Reasoning: Having talked to consumers, it was clear that owners were confused as to what to buy their pets. They are always on the lookout for the best possible food for their dogs and the fixture is awash with confusion. We wanted to make it simple. Our aim was not to overcomplicate the pack with unnecessary information, which can become daunting. This is very much a pack for the owner, an inclusive brand that has broad appeal and approachability.
Challenges: Honestly, it was the expression on the dogs’ faces and, in particular, the eyelids. Too low and they looked asleep or drowsy. Too high and they looked they had been up all night on some kind of illegal substance. It was a fine line to make the dogs faces and their expressions look and feel different for each pack and, of course, make them likeable!
Favorite details: The illustrations are the real winner in all of this, and also the fact that they use the entire real estate of the front face of the pack to make a statement of intent. They are also simple in their make-up and lack any kind of superfluous detail. Often, we can be constrained by visible front face restrictions or side of pack information, but because the 10 kilogram (22 pound) pack is a virtually flat surface, we can use the packaging like a billboard. If you can get two or three facings of this brand in store, it is going to be unmissable on the aisle, and that’s what’s important when you only have two or three seconds at fixture.
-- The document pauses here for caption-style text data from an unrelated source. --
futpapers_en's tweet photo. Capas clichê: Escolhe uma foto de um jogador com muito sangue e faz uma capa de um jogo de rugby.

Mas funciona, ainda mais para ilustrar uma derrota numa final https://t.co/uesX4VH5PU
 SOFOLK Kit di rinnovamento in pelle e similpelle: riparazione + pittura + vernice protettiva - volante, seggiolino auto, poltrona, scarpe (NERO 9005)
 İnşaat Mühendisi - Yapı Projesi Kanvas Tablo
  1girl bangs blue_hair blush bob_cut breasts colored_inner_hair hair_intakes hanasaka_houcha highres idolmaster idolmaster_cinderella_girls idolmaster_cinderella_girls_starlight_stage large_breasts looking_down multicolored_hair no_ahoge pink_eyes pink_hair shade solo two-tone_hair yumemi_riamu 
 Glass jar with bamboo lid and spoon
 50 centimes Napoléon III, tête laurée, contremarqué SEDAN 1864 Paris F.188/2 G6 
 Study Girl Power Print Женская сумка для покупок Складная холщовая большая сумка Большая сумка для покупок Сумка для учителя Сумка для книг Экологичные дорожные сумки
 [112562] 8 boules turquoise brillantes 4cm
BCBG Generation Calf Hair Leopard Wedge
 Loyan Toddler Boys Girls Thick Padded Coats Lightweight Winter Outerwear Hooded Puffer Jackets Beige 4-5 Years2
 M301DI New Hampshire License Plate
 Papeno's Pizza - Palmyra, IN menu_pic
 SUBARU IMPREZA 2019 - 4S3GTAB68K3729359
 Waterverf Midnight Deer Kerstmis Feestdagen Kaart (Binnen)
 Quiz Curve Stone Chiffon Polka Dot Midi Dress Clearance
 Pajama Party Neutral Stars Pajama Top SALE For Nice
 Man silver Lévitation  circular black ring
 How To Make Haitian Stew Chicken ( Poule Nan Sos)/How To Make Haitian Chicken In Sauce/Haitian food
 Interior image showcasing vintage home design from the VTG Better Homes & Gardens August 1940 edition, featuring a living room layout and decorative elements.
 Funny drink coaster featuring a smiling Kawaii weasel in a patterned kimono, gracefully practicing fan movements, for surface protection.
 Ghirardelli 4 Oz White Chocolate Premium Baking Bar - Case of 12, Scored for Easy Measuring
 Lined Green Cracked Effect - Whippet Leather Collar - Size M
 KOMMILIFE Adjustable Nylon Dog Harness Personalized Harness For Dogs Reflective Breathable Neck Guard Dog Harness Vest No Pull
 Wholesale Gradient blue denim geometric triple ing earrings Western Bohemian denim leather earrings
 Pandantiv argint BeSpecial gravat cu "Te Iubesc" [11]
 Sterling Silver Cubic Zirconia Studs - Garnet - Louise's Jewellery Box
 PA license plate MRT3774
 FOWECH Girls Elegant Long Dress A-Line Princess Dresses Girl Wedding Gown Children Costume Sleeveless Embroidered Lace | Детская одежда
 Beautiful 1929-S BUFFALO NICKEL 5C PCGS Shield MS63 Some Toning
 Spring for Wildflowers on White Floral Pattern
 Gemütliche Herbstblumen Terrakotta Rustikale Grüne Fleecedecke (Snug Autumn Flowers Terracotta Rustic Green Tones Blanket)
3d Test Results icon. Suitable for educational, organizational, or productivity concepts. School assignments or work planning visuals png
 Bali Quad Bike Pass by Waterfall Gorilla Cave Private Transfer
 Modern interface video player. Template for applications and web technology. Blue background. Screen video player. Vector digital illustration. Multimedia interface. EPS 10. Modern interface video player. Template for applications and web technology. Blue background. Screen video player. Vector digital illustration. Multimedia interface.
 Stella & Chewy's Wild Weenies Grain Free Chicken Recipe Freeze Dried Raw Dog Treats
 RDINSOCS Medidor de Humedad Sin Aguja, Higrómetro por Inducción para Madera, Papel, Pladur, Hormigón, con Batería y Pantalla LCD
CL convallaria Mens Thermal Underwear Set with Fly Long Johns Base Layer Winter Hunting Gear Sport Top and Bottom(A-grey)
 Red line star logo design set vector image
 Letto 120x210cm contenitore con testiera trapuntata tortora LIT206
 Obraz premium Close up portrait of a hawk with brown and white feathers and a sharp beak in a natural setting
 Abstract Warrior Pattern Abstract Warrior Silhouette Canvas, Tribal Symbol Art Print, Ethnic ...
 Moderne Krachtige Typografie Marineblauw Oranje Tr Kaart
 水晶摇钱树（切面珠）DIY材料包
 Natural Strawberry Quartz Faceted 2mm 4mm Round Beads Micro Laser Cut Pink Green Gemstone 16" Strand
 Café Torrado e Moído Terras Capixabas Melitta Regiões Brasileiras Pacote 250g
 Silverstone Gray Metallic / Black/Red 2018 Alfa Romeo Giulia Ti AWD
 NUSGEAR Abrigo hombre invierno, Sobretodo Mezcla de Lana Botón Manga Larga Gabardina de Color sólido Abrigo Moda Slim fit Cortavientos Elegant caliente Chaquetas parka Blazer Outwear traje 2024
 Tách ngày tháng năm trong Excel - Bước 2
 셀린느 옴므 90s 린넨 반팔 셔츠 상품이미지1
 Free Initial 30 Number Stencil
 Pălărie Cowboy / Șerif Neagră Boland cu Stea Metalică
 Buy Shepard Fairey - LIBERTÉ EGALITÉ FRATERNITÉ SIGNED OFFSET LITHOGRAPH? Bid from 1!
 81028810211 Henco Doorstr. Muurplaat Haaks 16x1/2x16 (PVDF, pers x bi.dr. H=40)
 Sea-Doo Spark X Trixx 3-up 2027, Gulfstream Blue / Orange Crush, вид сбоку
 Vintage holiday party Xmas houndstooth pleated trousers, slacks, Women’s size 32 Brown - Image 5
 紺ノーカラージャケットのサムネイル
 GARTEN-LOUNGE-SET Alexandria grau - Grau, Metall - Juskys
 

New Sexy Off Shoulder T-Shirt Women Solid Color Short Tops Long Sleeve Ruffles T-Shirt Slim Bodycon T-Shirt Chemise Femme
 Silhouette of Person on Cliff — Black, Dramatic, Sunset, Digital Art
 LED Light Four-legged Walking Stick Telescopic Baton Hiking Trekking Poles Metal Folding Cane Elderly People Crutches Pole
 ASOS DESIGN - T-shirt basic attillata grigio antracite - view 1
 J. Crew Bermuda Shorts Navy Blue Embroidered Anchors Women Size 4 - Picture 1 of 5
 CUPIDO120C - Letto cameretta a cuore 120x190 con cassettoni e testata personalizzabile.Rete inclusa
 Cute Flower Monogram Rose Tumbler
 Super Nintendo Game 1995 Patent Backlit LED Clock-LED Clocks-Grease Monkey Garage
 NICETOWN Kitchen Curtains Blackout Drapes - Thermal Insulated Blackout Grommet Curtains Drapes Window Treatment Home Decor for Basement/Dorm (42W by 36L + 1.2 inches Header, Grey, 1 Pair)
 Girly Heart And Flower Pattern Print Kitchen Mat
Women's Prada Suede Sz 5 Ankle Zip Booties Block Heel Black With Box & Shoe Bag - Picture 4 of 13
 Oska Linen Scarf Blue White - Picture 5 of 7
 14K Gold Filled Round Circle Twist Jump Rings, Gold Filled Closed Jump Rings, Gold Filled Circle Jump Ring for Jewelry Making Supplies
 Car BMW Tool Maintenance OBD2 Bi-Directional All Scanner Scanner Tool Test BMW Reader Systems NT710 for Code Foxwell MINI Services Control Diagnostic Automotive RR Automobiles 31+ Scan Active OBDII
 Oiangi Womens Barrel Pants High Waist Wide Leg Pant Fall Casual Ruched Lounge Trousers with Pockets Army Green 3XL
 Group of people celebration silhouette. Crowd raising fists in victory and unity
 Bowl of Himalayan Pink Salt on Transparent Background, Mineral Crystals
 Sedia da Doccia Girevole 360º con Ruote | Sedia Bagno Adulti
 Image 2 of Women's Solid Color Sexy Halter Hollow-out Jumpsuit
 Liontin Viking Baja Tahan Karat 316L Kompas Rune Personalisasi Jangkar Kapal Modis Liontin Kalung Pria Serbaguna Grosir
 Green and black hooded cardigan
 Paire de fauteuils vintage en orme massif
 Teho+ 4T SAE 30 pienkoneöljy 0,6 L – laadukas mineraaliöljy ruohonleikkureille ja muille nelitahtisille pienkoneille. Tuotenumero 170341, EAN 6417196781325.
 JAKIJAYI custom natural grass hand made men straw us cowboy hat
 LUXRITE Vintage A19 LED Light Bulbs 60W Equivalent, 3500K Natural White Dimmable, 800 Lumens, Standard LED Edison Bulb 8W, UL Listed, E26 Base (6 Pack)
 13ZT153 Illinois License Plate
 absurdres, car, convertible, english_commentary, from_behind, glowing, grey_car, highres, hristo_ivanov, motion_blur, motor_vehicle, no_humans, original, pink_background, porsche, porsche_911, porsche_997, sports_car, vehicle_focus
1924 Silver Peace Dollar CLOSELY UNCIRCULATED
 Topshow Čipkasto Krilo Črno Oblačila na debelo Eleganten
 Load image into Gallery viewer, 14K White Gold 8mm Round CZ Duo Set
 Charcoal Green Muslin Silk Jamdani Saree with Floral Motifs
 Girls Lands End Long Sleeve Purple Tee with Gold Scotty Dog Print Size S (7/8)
Visual influences: Any form of flat, graphic illustration forms the beating visual heart of this project. However, at the time we started working on Walker and Drake, we were also working on a large travel rebrand and, as such, we had been looking back at a lot of archive travel posters for airlines, regional rail travel and the London Underground. Artists like John Hassall and Horace Taylor did a lot of work on the United Kingdom railways and while they were more decorative, what struck us were the expanses of flat colors that worked so well. While times have most definitely changed, the idea that flat graphic shapes can be used to communicate is still relevant, and we have reimagined that kind of thinking to develop a modern day interpretation for this great pet food brand.